TASK TO CARRY OUT: Give back all of the data exactly as it stands, with the pictures removed.
##### GIVEN INFORMATION
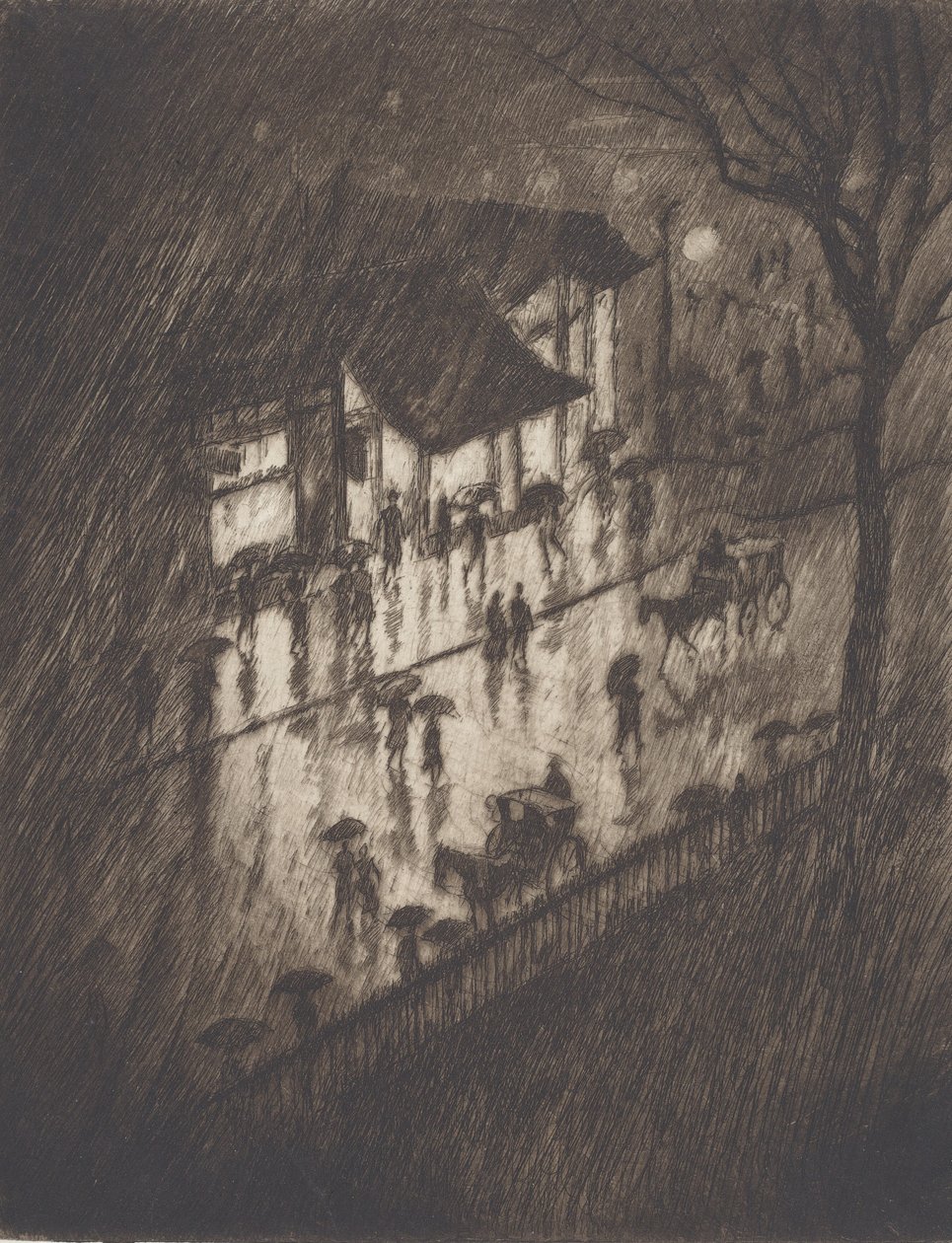 Notte piovosa, negozi di Charing Cross da Joseph Pennell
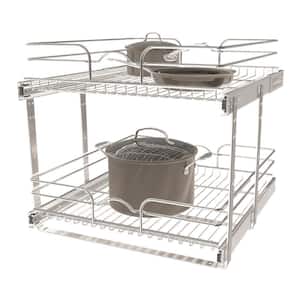 Chrome Kitchen Cabinet Pull Out Shelf Organizer, 21 x 22 in.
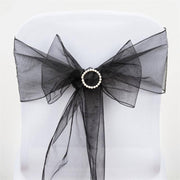 5 pcs Organza Chair Sashes SASHP_ORGZ_BLK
##########
RESPONSE BOX:
 Notte piovosa, negozi di Charing Cross da Joseph Pennell
 Chrome Kitchen Cabinet Pull Out Shelf Organizer, 21 x 22 in.
 5 pcs Organza Chair Sashes SASHP_ORGZ_BLK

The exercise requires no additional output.